# Pics of the LGD's Protecting Their Charges...



## WhiteMountainsRanch (Nov 18, 2013)

Pictures of my two LGD pups guarding our goats while free-ranging. Toli is the spotted Anatolian female, 8 months old and 75 pounds. Diego is the white Pyrenees/ Anatolian male and is 10 months old and 95 pounds.  Love these two dogs!!!


----------



## Southern by choice (Nov 18, 2013)

What a beautiful setting.... and then there are the dogs!
PERFECT! 

My goats would love all those rocks and climbing things!


----------



## WhiteMountainsRanch (Nov 18, 2013)

Thanks Southern! The goats DO find it fun! The babies especially, they LOOOVE to play king of the rock and then jump off as fast and as high as they can, almost like they are trying to fly! LOL!


----------



## WhiteMountainsRanch (Nov 18, 2013)

And I am SOOO thankful to have them as there have been THREE mountain lion sightings just in the last couple months! And all of them were in this area!!!


----------



## babsbag (Nov 20, 2013)

What a drop dead gorgeous girl !!! And of course the boy is handsome too. Mountain Lions....YIKES.  I want to see pups one day down the road


----------



## WhiteMountainsRanch (Nov 20, 2013)

Thank you!!! We absolutely love both of them. They both have such good but different qualities. I can't wait for pups too! 

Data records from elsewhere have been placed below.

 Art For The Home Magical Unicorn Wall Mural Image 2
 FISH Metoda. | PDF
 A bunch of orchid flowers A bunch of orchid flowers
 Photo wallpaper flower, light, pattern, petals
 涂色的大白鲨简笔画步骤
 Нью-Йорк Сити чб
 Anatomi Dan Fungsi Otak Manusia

Hehe I just found these one Babs, can you spot them? They're good with more than goats!


----------



## babsbag (Nov 21, 2013)

They are hiding in the shadows aren't they? Glad to see that they do well with poultry as well.  I am so happy that he is working out for you. If you ever do the hips please let me know. I would be devastated if he had a problem, but it would be good to know.


----------



## WhiteMountainsRanch (Nov 21, 2013)

I will definitely let you know if/ when we do them and what the results are.

Thank you so much, we love him!!!


----------



## goatboy1973 (Nov 27, 2013)

WhiteMountainsRanch said:


> Thanks Southern! The goats DO find it fun! The babies especially, they LOOOVE to play king of the rock and then jump off as fast and as high as they can, almost like they are trying to fly! LOL!
> 
> View attachment 170
> 
> ...


I have a tri-colored doe identical to the Nubie with the white abdominal band and frosted ears. She is a Genemaster/ Spanish cross doe. Our herd queen.


----------



## WhiteMountainsRanch (Dec 19, 2013)

That's Incantation, I also have her half sister, they are almost identical! They are purebred Nubians out of an SG doe.


----------



## goatboy1973 (Dec 21, 2013)

WhiteMountainsRanch said:


> That's Incantation, I also have her half sister, they are almost identical! They are purebred Nubians out of an SG doe.


My herd queen had a daughter that looks just like her.


----------



## bcnewe2 (Dec 22, 2013)

Beautiful Beautiful dogs! Nice turkeys too!


----------



## HoneyDreameMomma (Dec 30, 2013)

What terrific pictures - thanks for sharing!  Have you had a pretty good LGD experience with your turkeys?  We've been thinking about turkeys, so I was curious.  I'm thinking since our dogs are fine with chickens and guineas, turkeys would probably be ok...


----------



## WhiteMountainsRanch (Jan 15, 2014)

Yes, they are very good with the Turkeys. I've only lost one turkey since getting the puppies, and it was a baby turkey. However if I let the chickens free-range they will chase them, I haven't worked with them as much with the turkeys. Go figure.


----------